Items from a dataset
========================

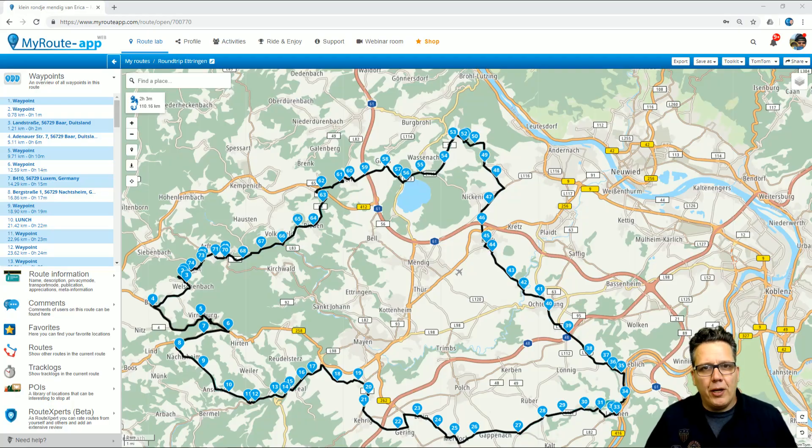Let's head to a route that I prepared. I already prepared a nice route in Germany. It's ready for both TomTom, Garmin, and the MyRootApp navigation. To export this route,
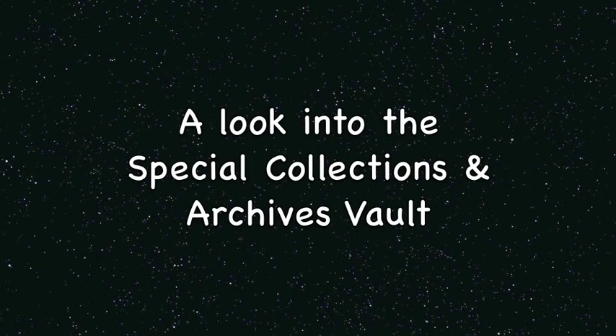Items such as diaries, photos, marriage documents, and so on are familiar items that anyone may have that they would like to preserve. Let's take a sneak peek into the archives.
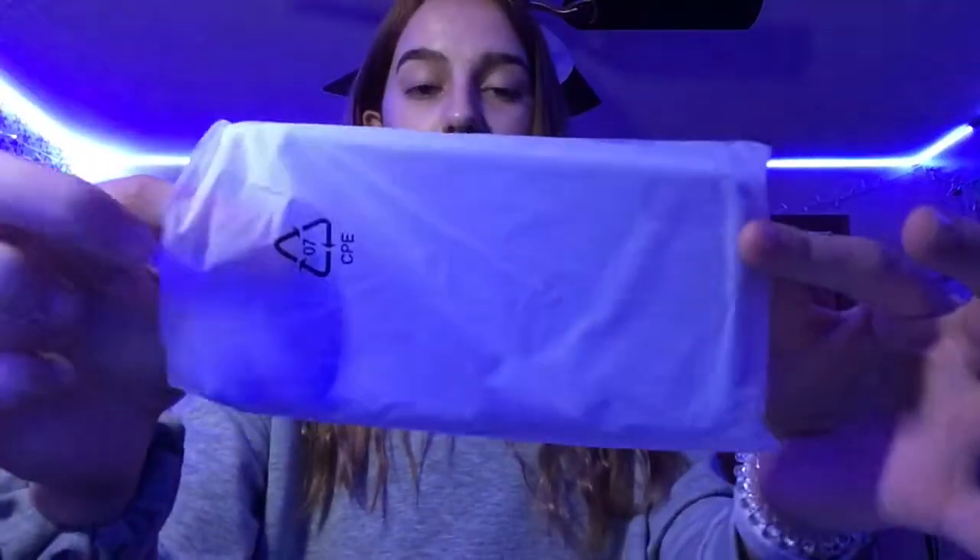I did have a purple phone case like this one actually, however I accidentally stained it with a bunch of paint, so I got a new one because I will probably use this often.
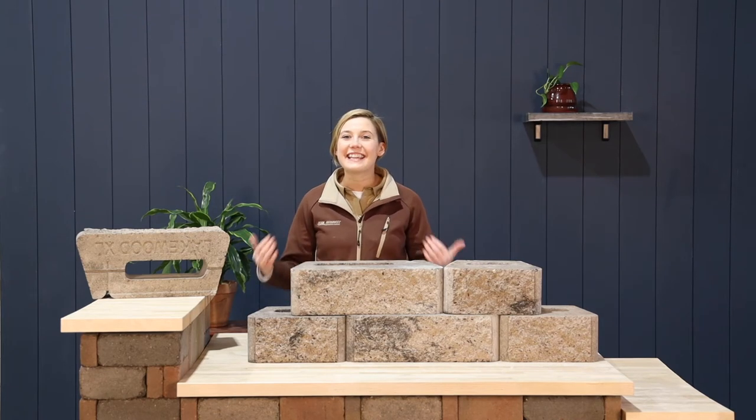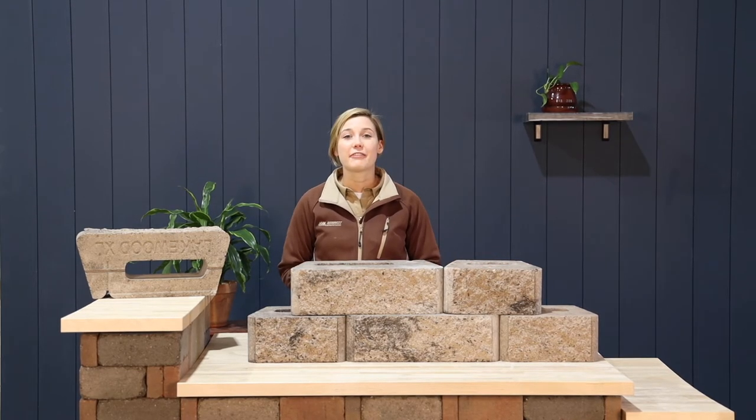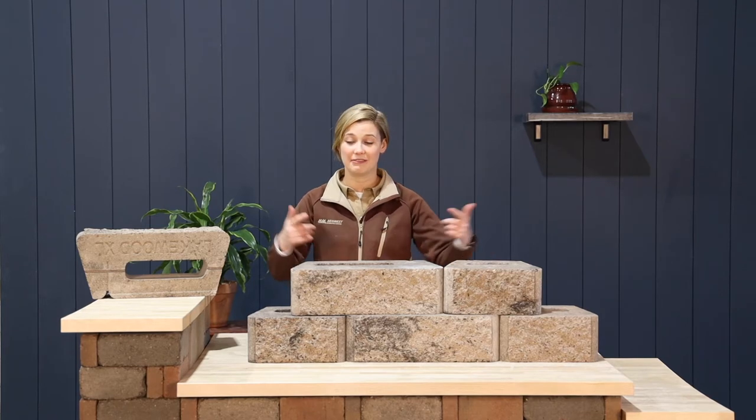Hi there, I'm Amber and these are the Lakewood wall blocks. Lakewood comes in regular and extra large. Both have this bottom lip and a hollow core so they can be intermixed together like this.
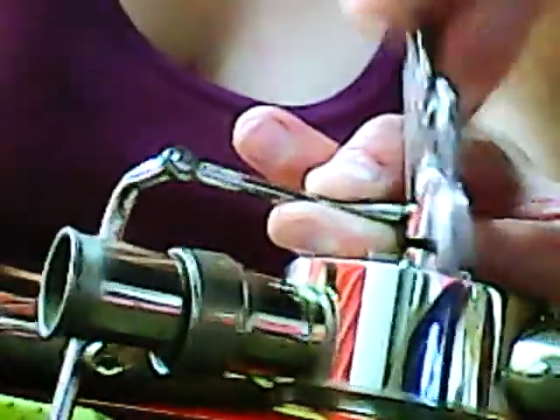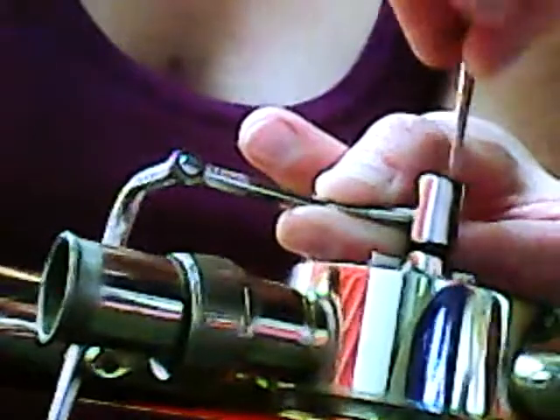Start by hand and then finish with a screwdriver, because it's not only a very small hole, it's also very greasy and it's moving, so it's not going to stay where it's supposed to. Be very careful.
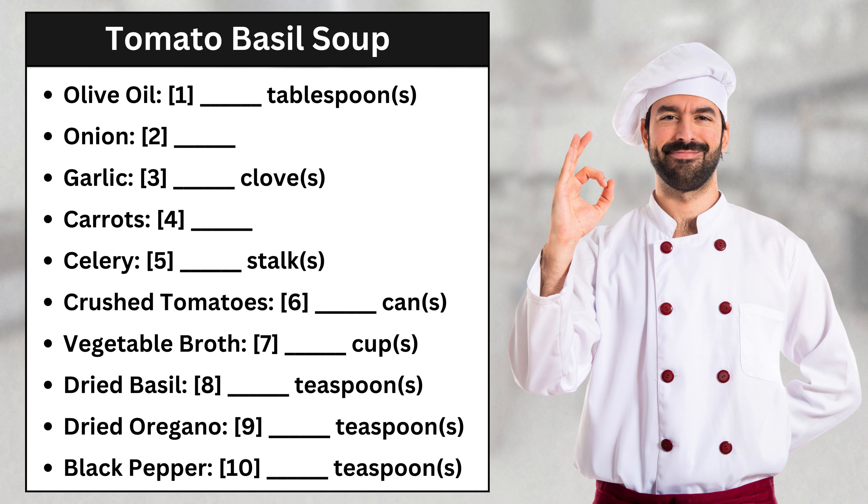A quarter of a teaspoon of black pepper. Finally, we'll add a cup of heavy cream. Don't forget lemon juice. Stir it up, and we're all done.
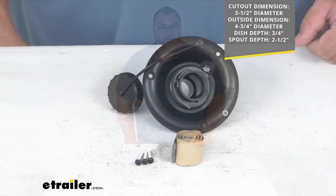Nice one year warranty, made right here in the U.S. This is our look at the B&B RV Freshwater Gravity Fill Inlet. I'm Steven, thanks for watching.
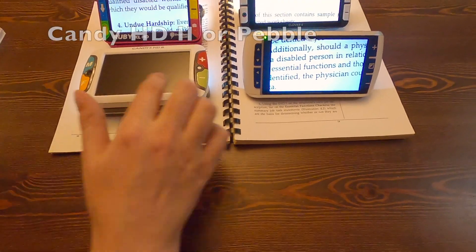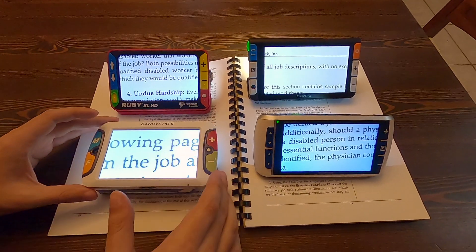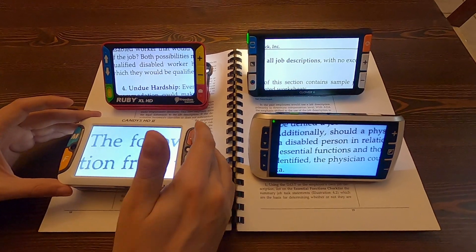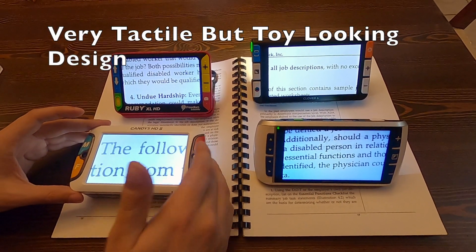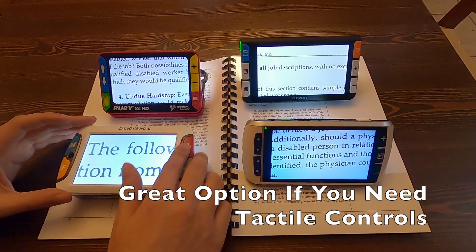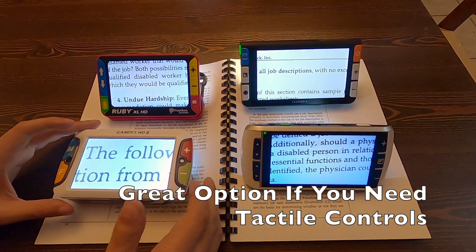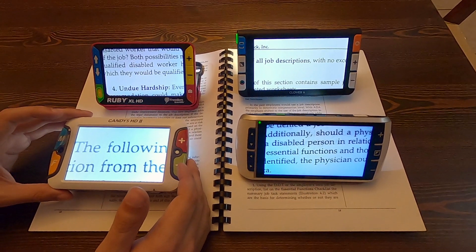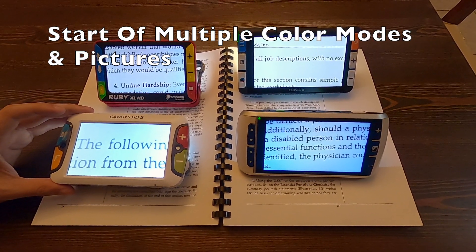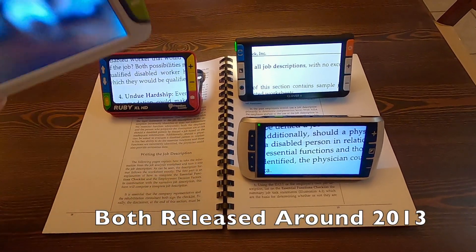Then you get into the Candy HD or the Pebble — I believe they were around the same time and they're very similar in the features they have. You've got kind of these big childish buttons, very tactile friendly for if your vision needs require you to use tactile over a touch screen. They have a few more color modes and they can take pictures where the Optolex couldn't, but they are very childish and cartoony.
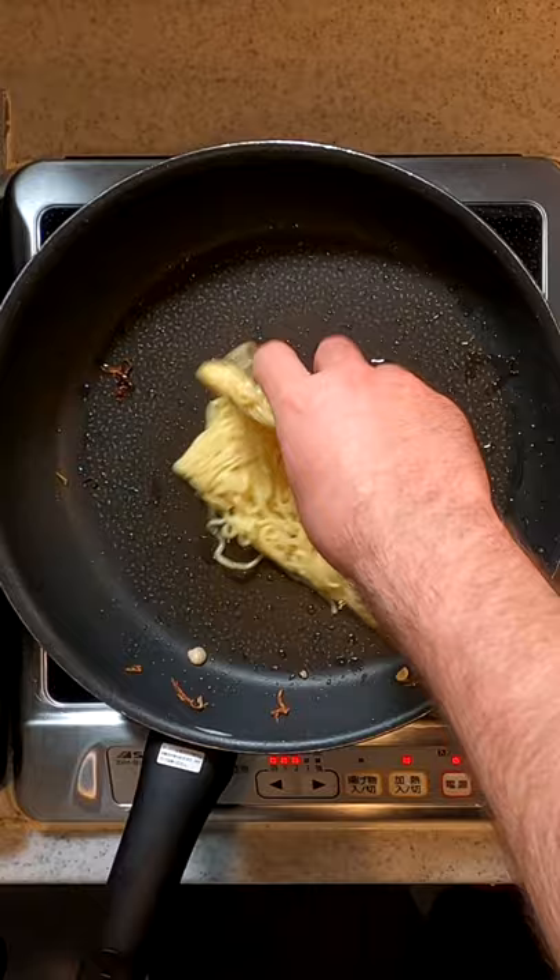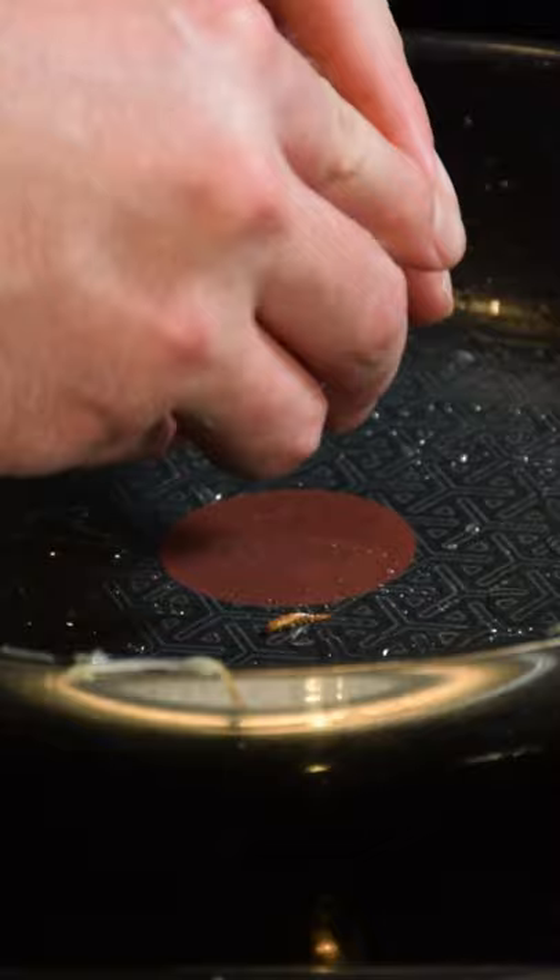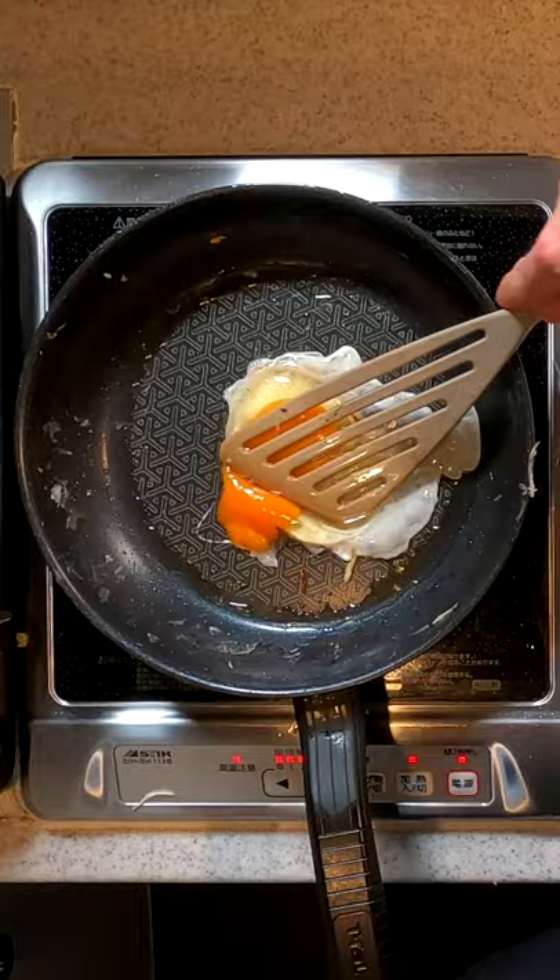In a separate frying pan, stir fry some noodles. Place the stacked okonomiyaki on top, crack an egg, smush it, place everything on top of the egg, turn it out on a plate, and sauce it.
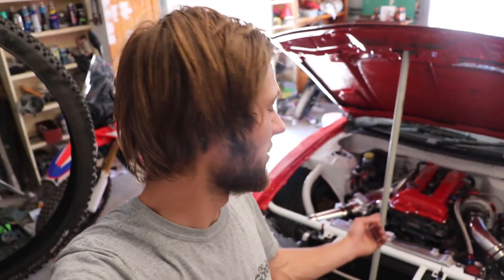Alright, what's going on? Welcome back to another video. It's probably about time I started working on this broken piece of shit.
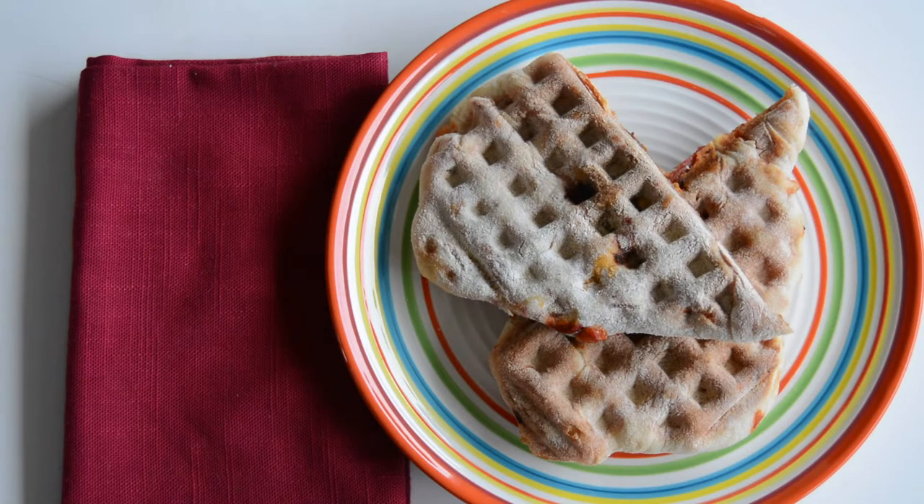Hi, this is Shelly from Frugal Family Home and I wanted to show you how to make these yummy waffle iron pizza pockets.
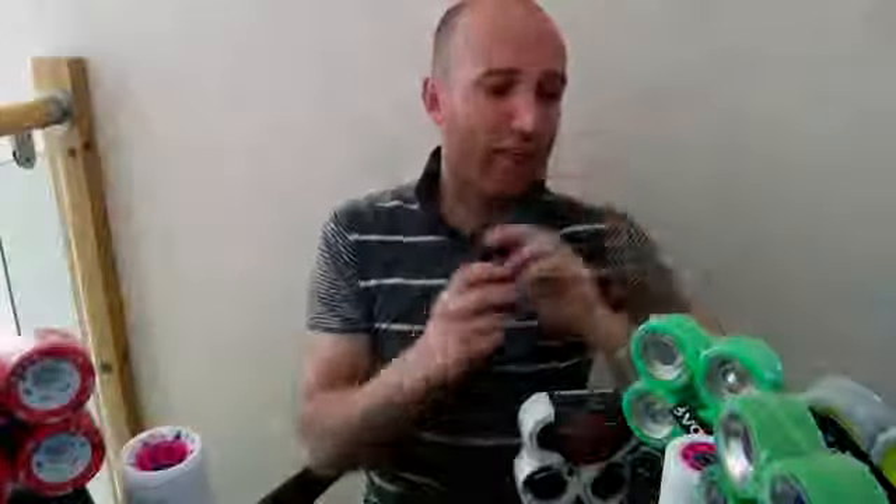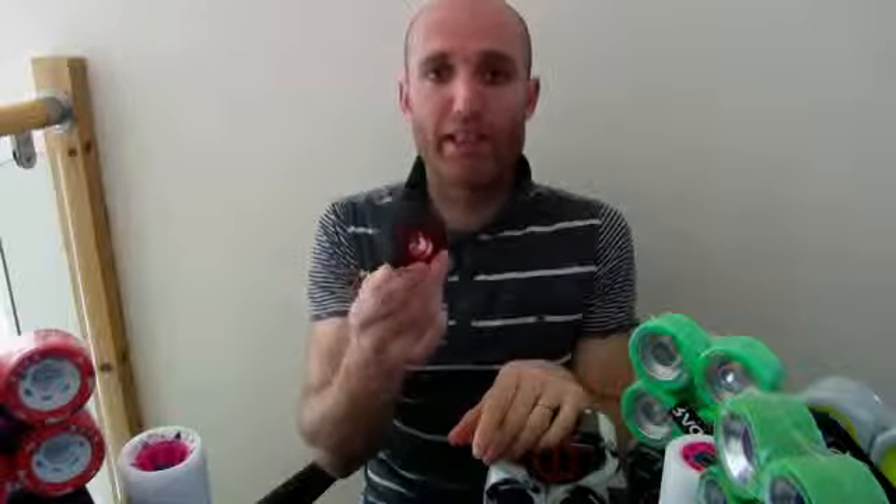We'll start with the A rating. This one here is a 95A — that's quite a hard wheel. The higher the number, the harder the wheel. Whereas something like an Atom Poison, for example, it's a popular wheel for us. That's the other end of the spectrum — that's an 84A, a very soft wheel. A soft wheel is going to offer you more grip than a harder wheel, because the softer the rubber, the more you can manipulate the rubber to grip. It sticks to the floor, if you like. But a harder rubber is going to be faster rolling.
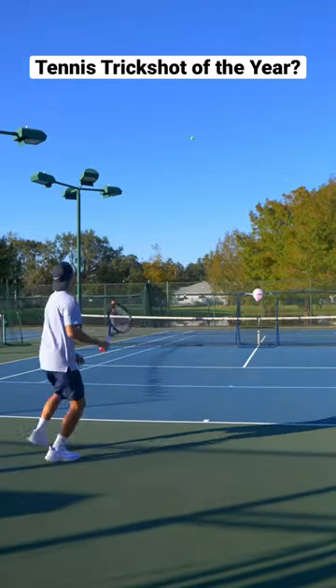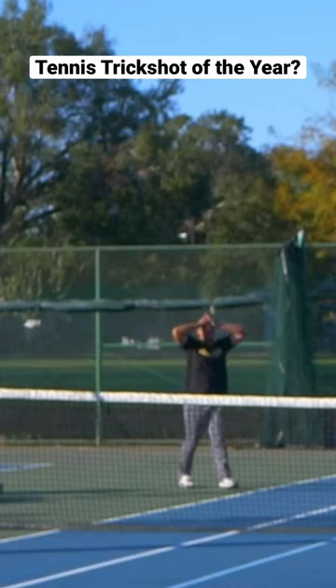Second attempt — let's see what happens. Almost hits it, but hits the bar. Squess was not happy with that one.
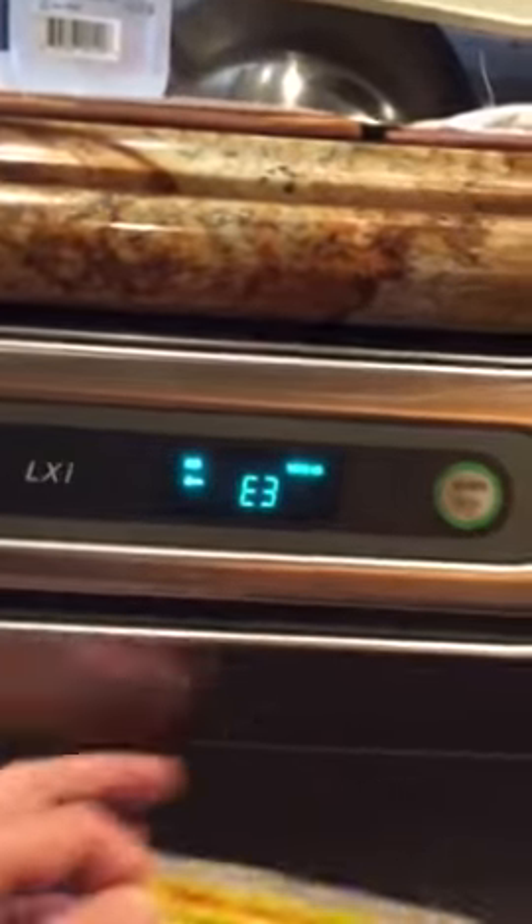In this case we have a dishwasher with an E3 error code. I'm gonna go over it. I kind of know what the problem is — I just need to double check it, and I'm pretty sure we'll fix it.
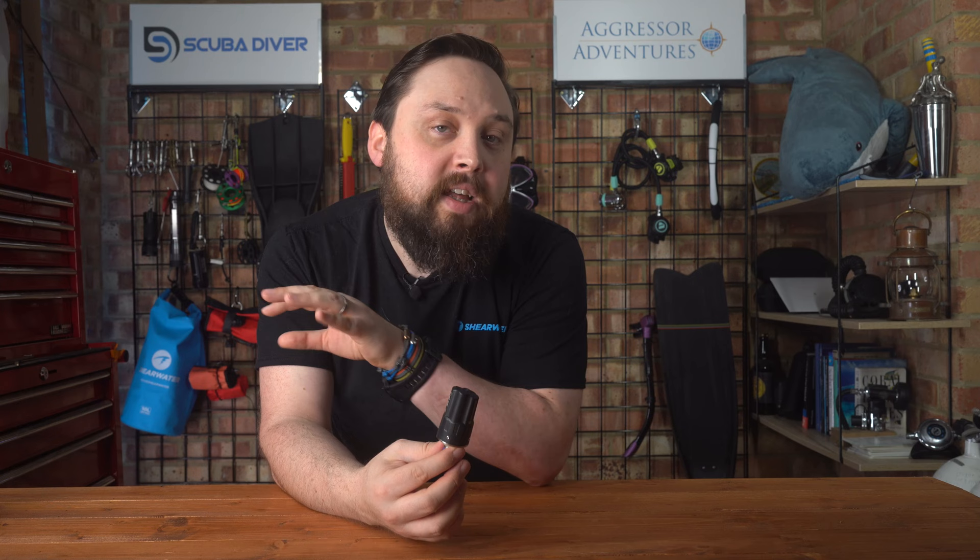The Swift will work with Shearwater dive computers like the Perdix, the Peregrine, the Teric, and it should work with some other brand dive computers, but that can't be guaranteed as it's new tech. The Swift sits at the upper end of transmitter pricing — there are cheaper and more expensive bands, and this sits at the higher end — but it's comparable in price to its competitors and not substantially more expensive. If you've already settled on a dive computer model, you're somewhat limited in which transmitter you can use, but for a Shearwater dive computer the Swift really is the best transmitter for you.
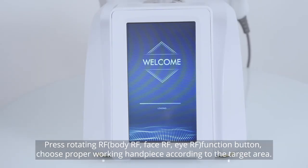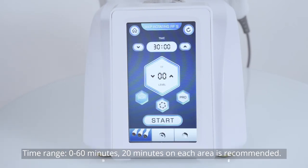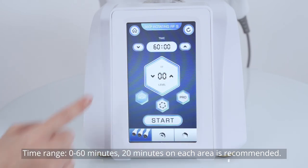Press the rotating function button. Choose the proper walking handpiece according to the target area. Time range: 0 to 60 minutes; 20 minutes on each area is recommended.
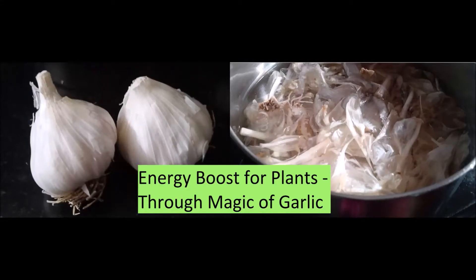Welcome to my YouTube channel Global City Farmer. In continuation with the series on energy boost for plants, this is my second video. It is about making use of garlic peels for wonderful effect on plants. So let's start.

========================

AIM OF THE EXERCISE:
Using the entries above, transcribe exactly from the line that has "Second attempt —" through the line that has "The Swift will". Pictures are dropped.

YOUR SOLUTION:
Second attempt — let's see what happens. Almost hits it, but hits the bar. Squess was not happy with that one.
In this case we have a dishwasher with an E3 error code. I'm gonna go over it. I kind of know what the problem is — I just need to double check it, and I'm pretty sure we'll fix it.
The Swift will work with Shearwater dive computers like the Perdix, the Peregrine, the Teric, and it should work with some other brand dive computers, but that can't be guaranteed as it's new tech. The Swift sits at the upper end of transmitter pricing — there are cheaper and more expensive bands, and this sits at the higher end — but it's comparable in price to its competitors and not substantially more expensive. If you've already settled on a dive computer model, you're somewhat limited in which transmitter you can use, but for a Shearwater dive computer the Swift really is the best transmitter for you.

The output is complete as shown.